__Instructions for the task__
Your response should contain exactly the lines running from the one with "In the name" to the end of the data below, both included, and no pictures.

__Given material__
BEGIN
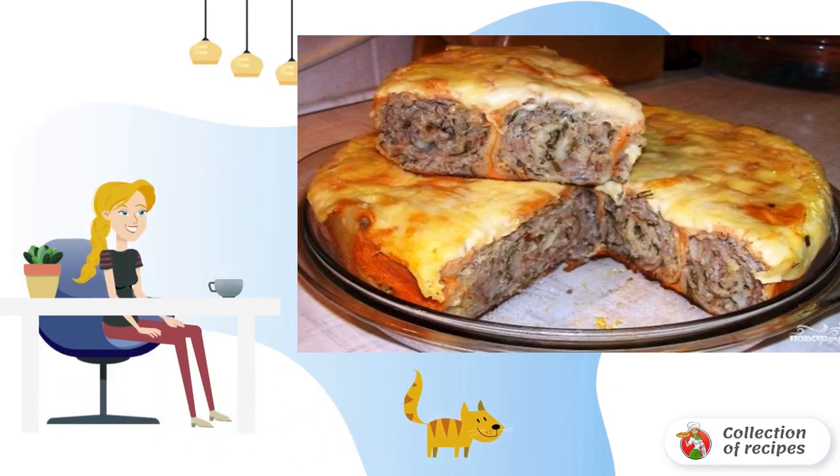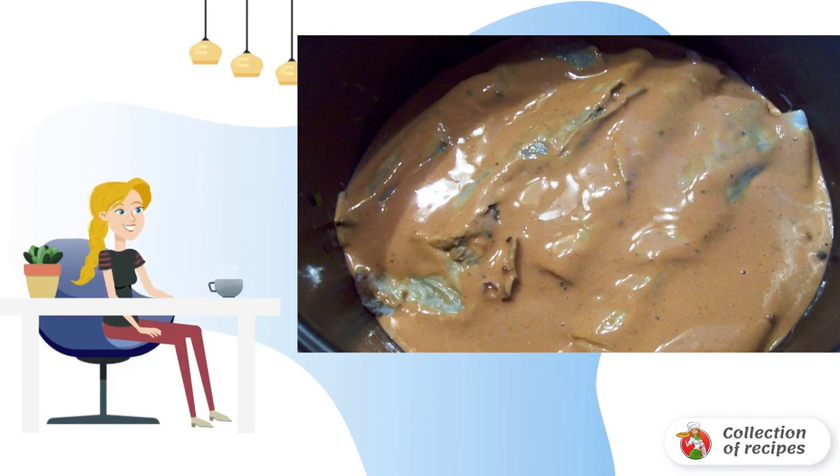Prepare the filling: beat 2-3 eggs, add ketchup, sour cream, and spices to taste. Take the amount of ingredients by eye, so that you have enough to pour the rolls in a slow cooker a finger above their level.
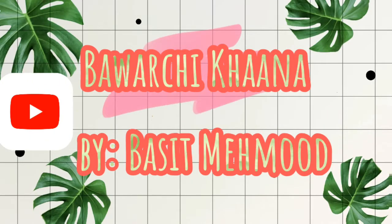In the name of Allah, peace and blessings be upon you. Thank you very much to all my friends for your love. Please like my videos, subscribe, and leave a comment.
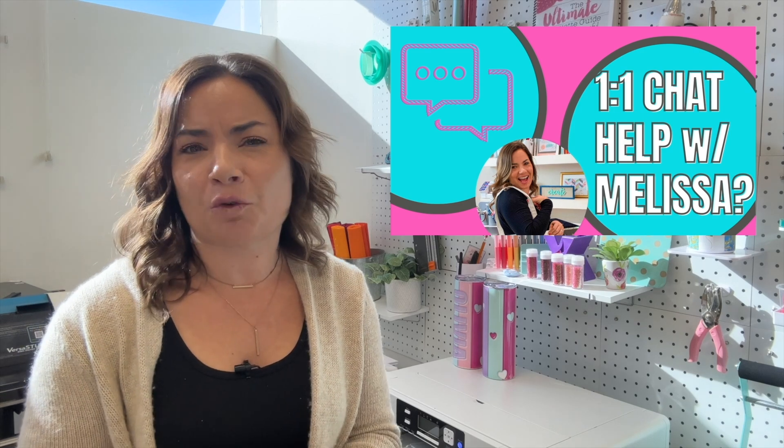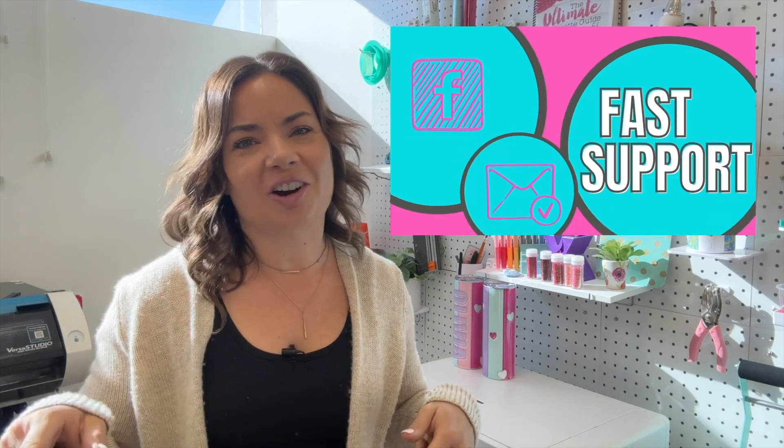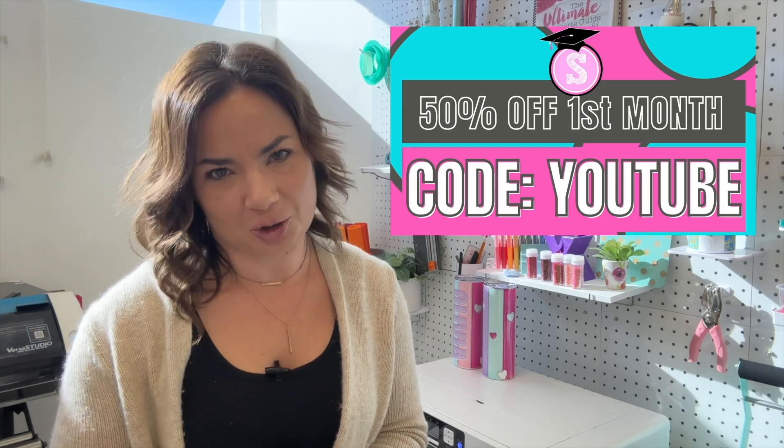Looking for more tips, tricks, and hacks in Silhouette Studio? Make sure you hit subscribe. Don't forget to check out Silhouette U, which is my membership website — you can get seven days free, one-on-one chat with me, exclusive videos not on YouTube, and a whole lot more. Not into that? That's all right — I have the free blog too at silhouetteschoolblog.com with thousands of free tutorials.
END
__Task solution__
In the name of Allah, peace and blessings be upon you. Thank you very much to all my friends for your love. Please like my videos, subscribe, and leave a comment.
Looking for more tips, tricks, and hacks in Silhouette Studio? Make sure you hit subscribe. Don't forget to check out Silhouette U, which is my membership website — you can get seven days free, one-on-one chat with me, exclusive videos not on YouTube, and a whole lot more. Not into that? That's all right — I have the free blog too at silhouetteschoolblog.com with thousands of free tutorials.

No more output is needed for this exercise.